The predilection for shocking with unconventional and innovative designs carries on with the present house under the creative direction of Daniel Roseberry, whose pieces are on display side by side with the archival pieces, showing how he has brought her spirit to the 21st century.

Schiaparelli by Daniel Roseberry, AW2024

Roseberry marvels at Schiaparelli’s pieces, which place her firmly in the world of surrealist artists: a silk dress from the 1938 Circus collection is printed to look like fabric being torn, inspired by Dalí’s “Necrophiliac Spring”; an evening coat, a collab with Jean Cocteau, features two faces and a vase of blooming roses; a jacket is cut to simulate chests of drawers. A black silk dress with a skeleton emerging from its surface is displayed with Roseberry’s anatomical dress accessorized by a gilded lungs necklace, famously worn by Bella Hadid.

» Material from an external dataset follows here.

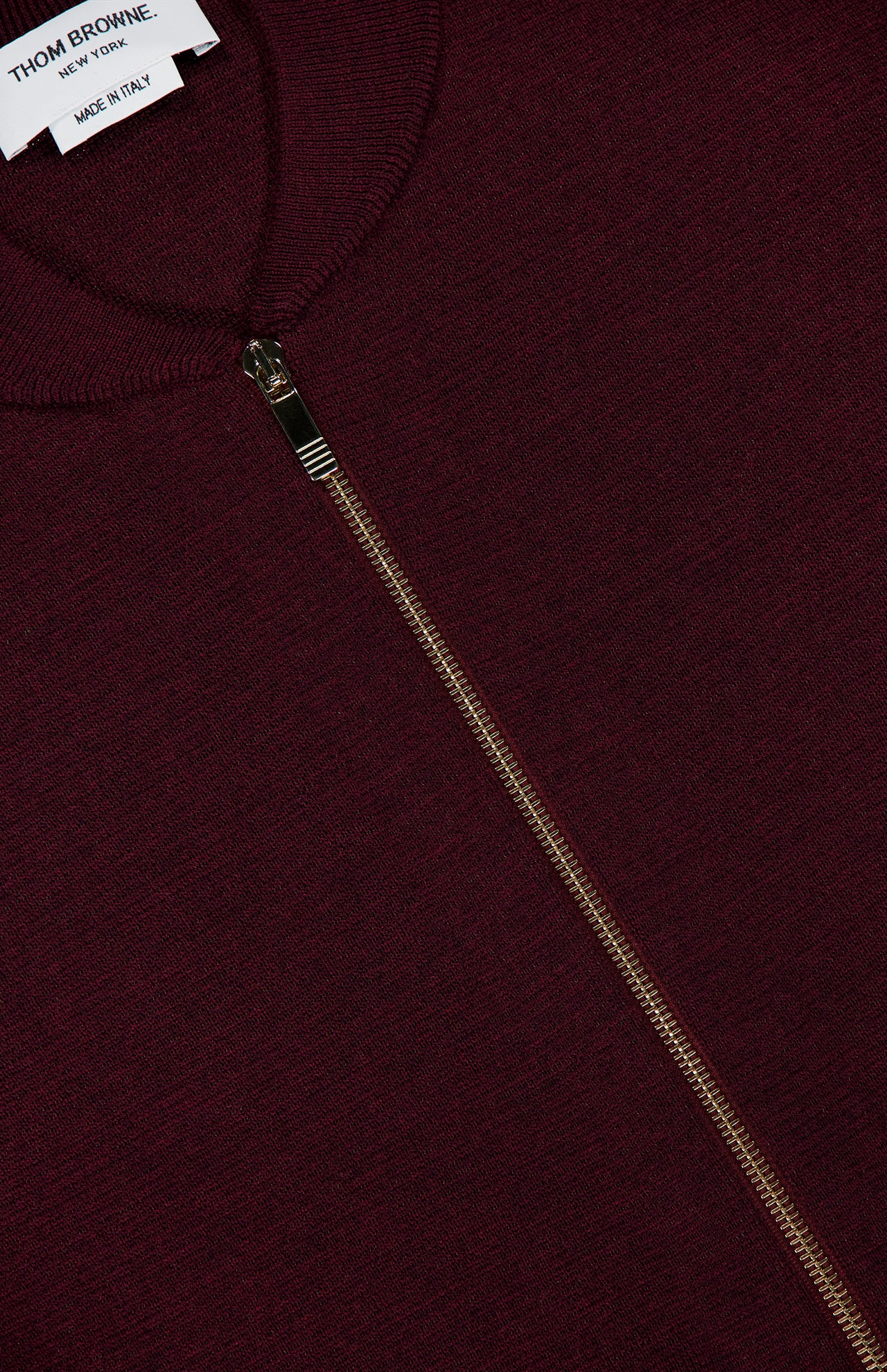 Close-up of a burgundy Milano Stitch Zip Up Bomber Jacket featuring a silver zipper. A white clothing label in the top left corner reads THOM BROWNE. NEW YORK. MADE IN ITALY.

Schiaparelli by Daniel Roseberry, AW2021 

She doesn’t just use artists’ images to stick onto dresses, however. Her exchanges with artists ran deep. “She was someone who was embedded in the creative process, and there was a true collaborative exchange with these artists and creatives,” according to V&A senior curator Sonnet Stanfill.

Choker by Schiaparelli in collaboration with Jean Schlumberger, 1939 

“It was about how the expression of the surreal can create a more intimate connection between art, pop culture, and fashion, and between the designer and client,” says Roseberry.

Rose coat in collab with Jean Cocteau, 1937

People ask the designer, “Do you think Elsa would have loved you if you sat together at dinner?” to which he replies, “No, she would have eaten me for breakfast!” In the final room, dresses from his seven-year stint at the house are juxtaposed with Schiaparelli oddities: a papal gold coat, a virulent green feather cape, and a coat with pockets embroidered with Sevrès porcelain ewers; jewelry that blows up Schiaparelli’s famous buttons; and traces of Americana, which the original designer would have loved since she spent a great deal of her 20s in New York.

Elsa Schiaparelli dress with embroidery from the Circus collection, 1938 

Roseberry’s take, however, is much bolder during this age of social media and alternate realities, when there is a lack of connection that we have with each other, observes Roseberry. “The language that Elsa used to address her political reality, we’re using to address our digital reality. My mission now is to pierce that digital veil and create moments of lasting connection. Fashion is ancient, it’s pre-biblical, and people will always want to decorate, adorn and express, but we’ve never lived in a more performative era. Designing a link between expression and genuine connection is something that feels urgent.”

Tears Dress, 1938 

The parallel between Schiaparelli and Roseberry could be summed up in what she said in her 1954 autobiography, Shocking Life: “In difficult times, fashion is outrageous.” Just as fashion was a form of resistance then, in 2026 it reflects the current zeitgeist.

“There is truly a before and after Schiaparelli,” says Roseberry. “In many ways, the beauty of the house was that it was frozen in time after it closed in 1954. It was preserved like a jewel—it was never diluted or ruined in time. But the cost of that dormancy is that many people don’t know that she is one of the five great couturiers who truly changed fashion.”